PS.  At work today, my friend/aid Crystal read The Fault in Our Stars beside me. She finished the whole thing. As I worked, I could hear her chuckling, and then sniffling, and then chuckling again. As usual, she cried all my fictional tears for me. I love her. We’re all going to see The Fault in Our Stars movie together.  Crystal will cry, again.           



Monday, January 20, 2014

Book thoughts Introduction



Last year I had way too many vague resolutions, so this year I made a simple, concrete one: to read and comment on at least 24 books.  I already know that that sounds easier than it actually is,   especially when you have a job, friends, family, a long distance relationship and TV shows to keep up with. Still, I really, really want to make it happen. This is a resolution to exercise my brain more. 

I want to do it because both reading and writing are healthy for me, and I’m not totally healthy without them. I am a word person, a story person. I like a good story in any form, true or fictional. 

I could set really strict rules about the kinds of books I will and will not read, when I will read them and when I will post. However, if I do that, I’m likely to get discouraged and break them all. This is not a movie blog. I will not get famous. I am just a geek doing an outside of college reading project.
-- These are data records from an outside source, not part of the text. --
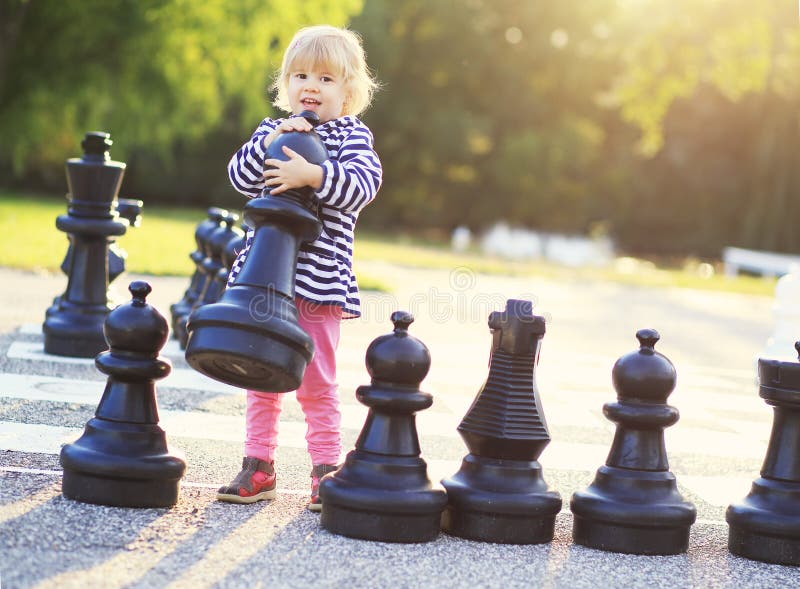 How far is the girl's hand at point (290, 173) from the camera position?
3.30 meters

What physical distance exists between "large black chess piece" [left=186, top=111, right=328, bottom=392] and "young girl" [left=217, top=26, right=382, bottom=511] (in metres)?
0.17

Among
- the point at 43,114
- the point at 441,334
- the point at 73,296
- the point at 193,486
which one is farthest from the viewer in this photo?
the point at 43,114

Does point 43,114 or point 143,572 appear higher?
point 43,114

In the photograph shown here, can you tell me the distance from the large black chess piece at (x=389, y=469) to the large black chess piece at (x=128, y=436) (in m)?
0.49

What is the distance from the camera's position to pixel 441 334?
888 cm

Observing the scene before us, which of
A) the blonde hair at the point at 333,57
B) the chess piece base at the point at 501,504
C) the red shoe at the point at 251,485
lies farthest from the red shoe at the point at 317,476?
the blonde hair at the point at 333,57

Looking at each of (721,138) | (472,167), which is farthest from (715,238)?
(472,167)

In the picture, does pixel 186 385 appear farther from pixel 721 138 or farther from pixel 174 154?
pixel 721 138

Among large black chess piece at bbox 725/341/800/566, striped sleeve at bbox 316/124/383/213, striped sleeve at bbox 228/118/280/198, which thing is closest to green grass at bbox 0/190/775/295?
striped sleeve at bbox 228/118/280/198

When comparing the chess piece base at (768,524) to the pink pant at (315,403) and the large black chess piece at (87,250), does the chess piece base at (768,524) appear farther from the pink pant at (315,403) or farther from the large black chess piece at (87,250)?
the large black chess piece at (87,250)

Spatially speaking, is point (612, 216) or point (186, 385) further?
point (612, 216)

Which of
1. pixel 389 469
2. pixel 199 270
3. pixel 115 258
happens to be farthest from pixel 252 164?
pixel 199 270

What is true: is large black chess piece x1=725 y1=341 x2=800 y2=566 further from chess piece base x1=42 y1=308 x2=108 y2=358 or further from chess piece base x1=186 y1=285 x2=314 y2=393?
chess piece base x1=42 y1=308 x2=108 y2=358

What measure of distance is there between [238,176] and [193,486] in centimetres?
102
Like, way outside. ( Saint Andrews Presbyterian College isn't even called that anymore.)    So, let’s keep it real.     

This blog has 4 actual rules:
  1.        The author will read 24 or more books, as mentioned above, within the year 2014.
  2.       The author will comment on at least 24 those books and make a reasonable amount of sense,              with as few grammatical errors as possible.  *
  3.        The author will be brave, as sharing her writing voluntarily often terrifies her.   
  4.      The author will have fun

Please keep in mind that the blog is called “Book Thoughts,” not "Professional Book Reviews." I am new to this format and I am the boss.  Personal reflections will be included.

I can only hope that this blog will have some readers.

I hope that, if they do show up, they have a little fun along with me.


*I have cerebral palsy, which in my case means that I need a lot of personal care assistance and drive a motorized wheelchair. Some of my friends and my fiancée are also in wheelchairs. I know from experience that this information will help readers make sense of my reflections.